HL7 Encoding	Java Encoding	HL7 Encoding	Java Encoding
ASCII	ASCII	ISO IR14	ISO2022JP / JIS_X0201 (see below)
8859/1	ISO8859_1	ISO IR87	ISO2022JP
8859/2	ISO8859_2	ISO IR159	ISO2022JP / EUC_JP
8859/3	ISO8859_3	GB 18030-2000	GB18030
8859/4	ISO8859_4	KS X 1001	ISO2022KR / EUC_KR (see below)
8859/5	ISO8859_5	CNS 11643-1992	ISO2022CN_CNS
8859/6	ISO8859_6	BIG-5	Big5
8859/7	ISO8859_7	UNICODE	UTF-16
8859/8	ISO8859_8	UNICODE UTF-8	UTF8
8859/9	ISO8859_9	UNICODE UTF-16	UTF-16
8859/15	ISO8859_15	UNICODE UTF-32	UTF_32

ISO IR14: If this is indicated in the first repeat of MSH.18 and MSH.20 does NOT indicate that ISO 2022 is being used, then this is treated as JIS_X0201. If MSH.20 indicates ISO 2022 and this is in the first or second repeat (and no encoding is in the first repeat), then ISO2022JP is used.

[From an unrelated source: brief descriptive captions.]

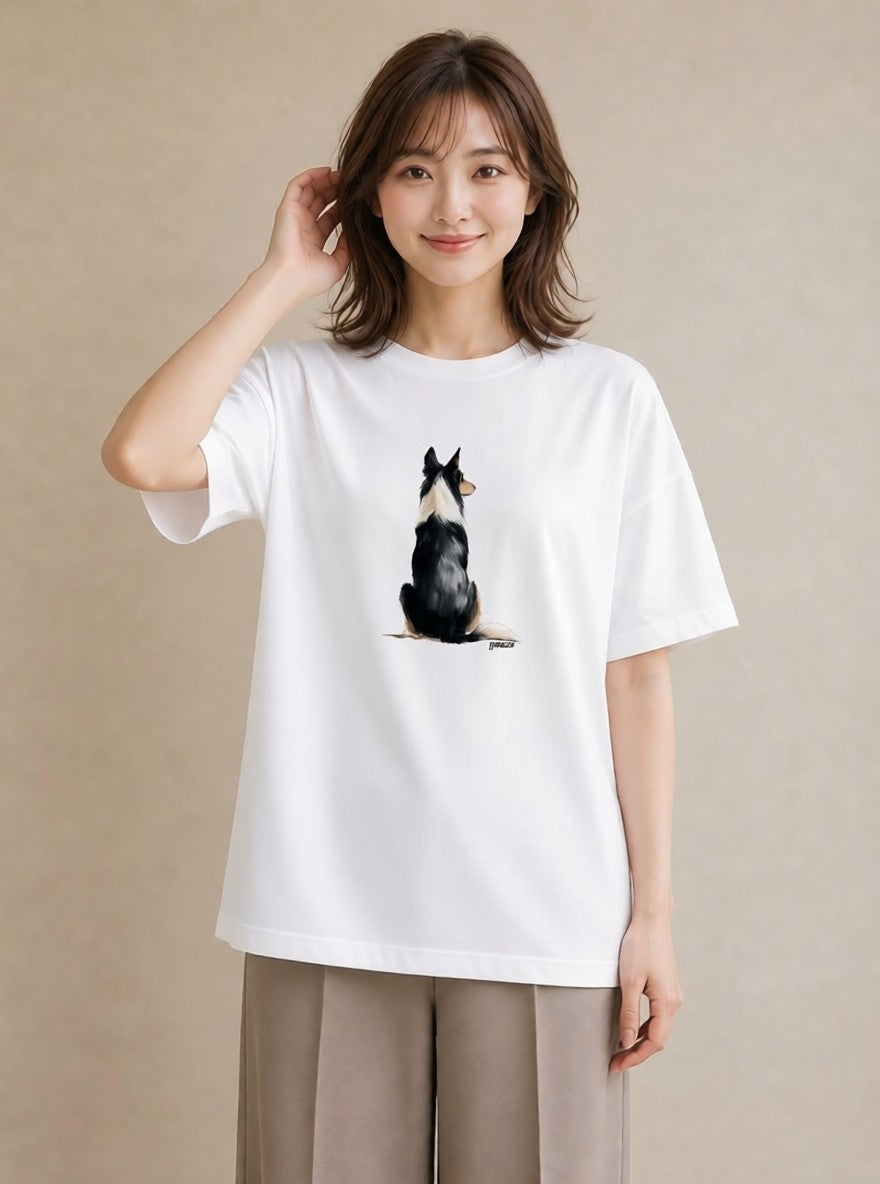 半袖Tシャツ レディース ボーダーコリー 犬 いぬ イラスト シンプル カフェ服 クリスマス 白T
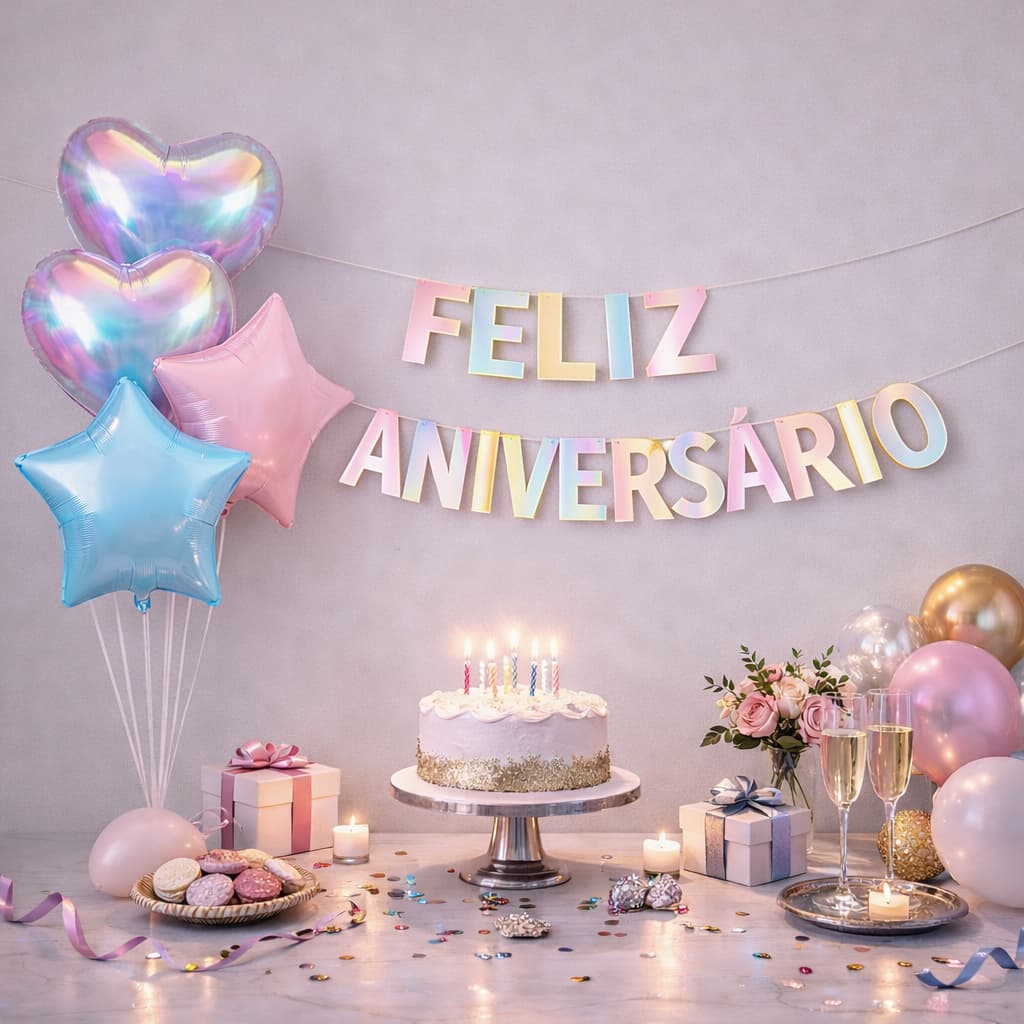 Kit Decorativo Faixa Feliz Aniversário Candy Color + Balões Metalizados Furtacor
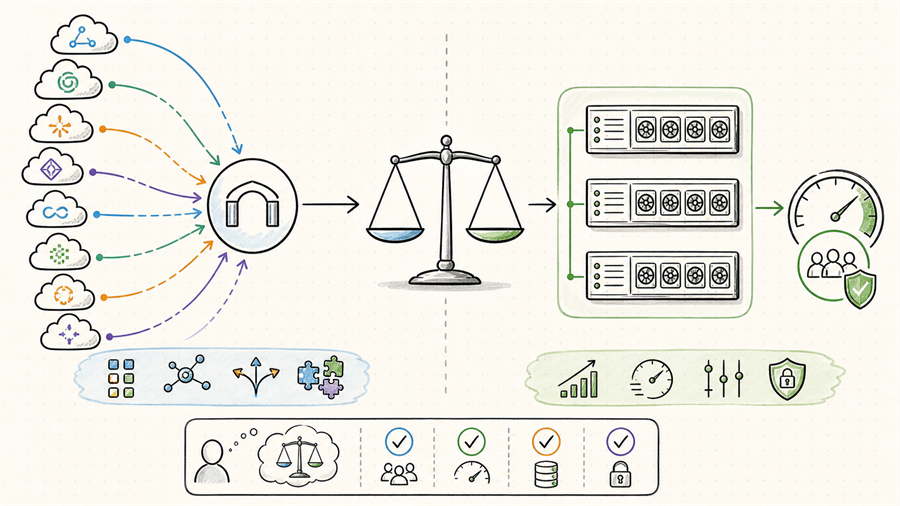 Aggregated model marketplace compared with a hosted inference foundry across breadth and capacity control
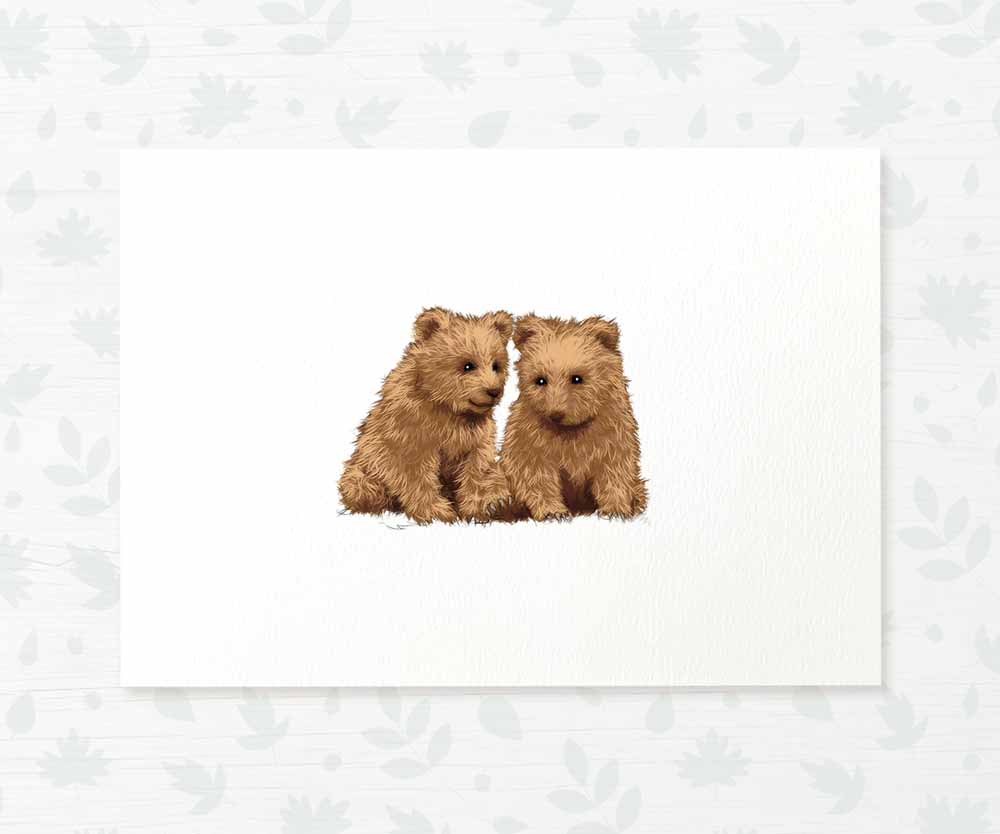 Bears Woodland Animal Nursery Print for Twins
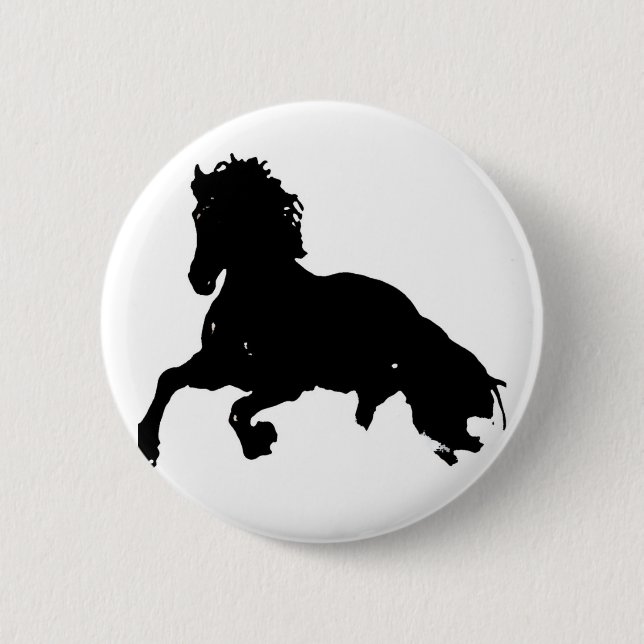 Badge Rond 5 Cm Silhouette du cheval blanc noir (Devant)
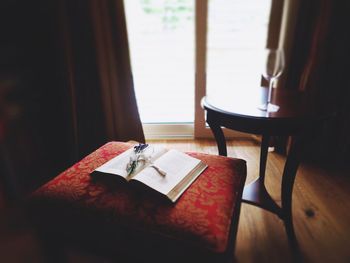 Close-up of open book on table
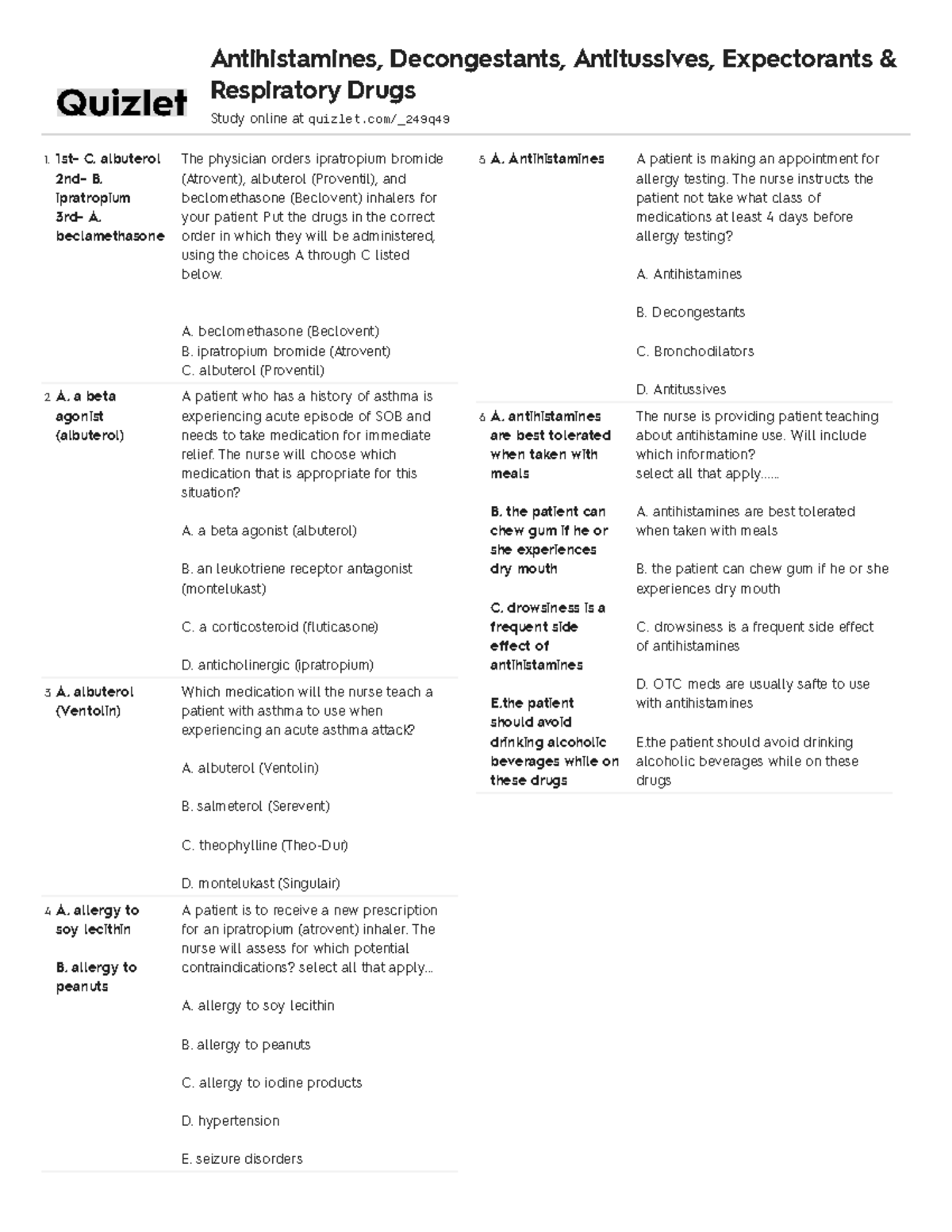 Quizlet Antihistamines, Decongestants, Antitussives, Expectorants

ISO IR159: If this is indicated in the first repeat of MSH.18 and MSH.20 does NOT indicate that ISO 2022 is being used, then this is treated as EUC_JP. If MSH.20 indicates ISO 2022 and this is in the first or second repeat (and no encoding is in the first repeat), then ISO2022JP is used.

KS X 1001: If this is indicated in the first repeat of MSH.18 and MSH.20 does NOT indicate that ISO 2022 is being used, then this is treated as EUC_KR. If MSH.20 indicates ISO 2022 and this is in the first or second report (and no encoding is in the first repeat), then ISO2022KR is used.

Any settings configured in the Encoding Mapping property take precedence over the internal mapping between HL7 and Java encodings inside the filter and override the default behavior of the filter.